KeePass 2 seems to still be hosted on Sourceforge, and I'm not even sure where
to get a copy of the latest (non-release) version of the source. The
[Sourceforge repo][1] seems to be an outdated SVN repo which was last updated
in 2009, and I don't see any description of how to contribute code to the
project anywhere. As a result I'm not really sure how to gauge the level of
activity on the project itself.
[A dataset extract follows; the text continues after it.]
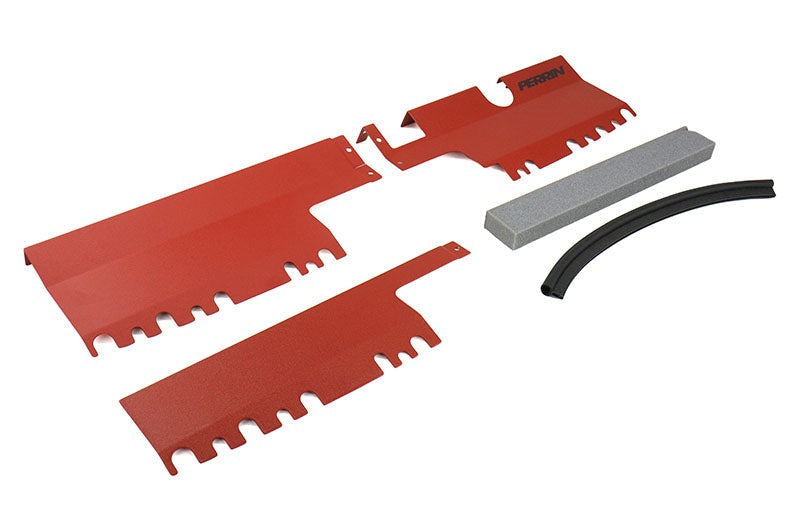 PERRIN Radiator Shroud (Red) - 2015-2021 Subaru WRX / STI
Similarly, the website is ancient and doesn't
seem to have kept up with the times; I seem to recall it was only recently
that it even got HTTPS support.

In contrast, KeePassXC is hosted on GitHub, development is done out in the
open, and it's trivial to see that in just the last year there were [dozens of
individual contributors][2]. The website looks clean, is user-friendly with
up-to-date documentation, and a [contribution guide][3] is plainly visible in
the README on GitHub.

As a result, I feel a bit better about the long-term prospects of KeePassXC
over KeePass 2.

[1]:
[https://sourceforge.net/p/keepass/code/HEAD/tree/](https://sourceforge.net/p/keepass/code/HEAD/tree/)

[2]:
[https://github.com/keepassxreboot/keepassxc/graphs/contribut...](https://github.com/keepassxreboot/keepassxc/graphs/contributors?from=2017-02-26&to=2018-02-28&type=c)

[3]:
[https://github.com/keepassxreboot/keepassxc#contributing](https://github.com/keepassxreboot/keepassxc#contributing)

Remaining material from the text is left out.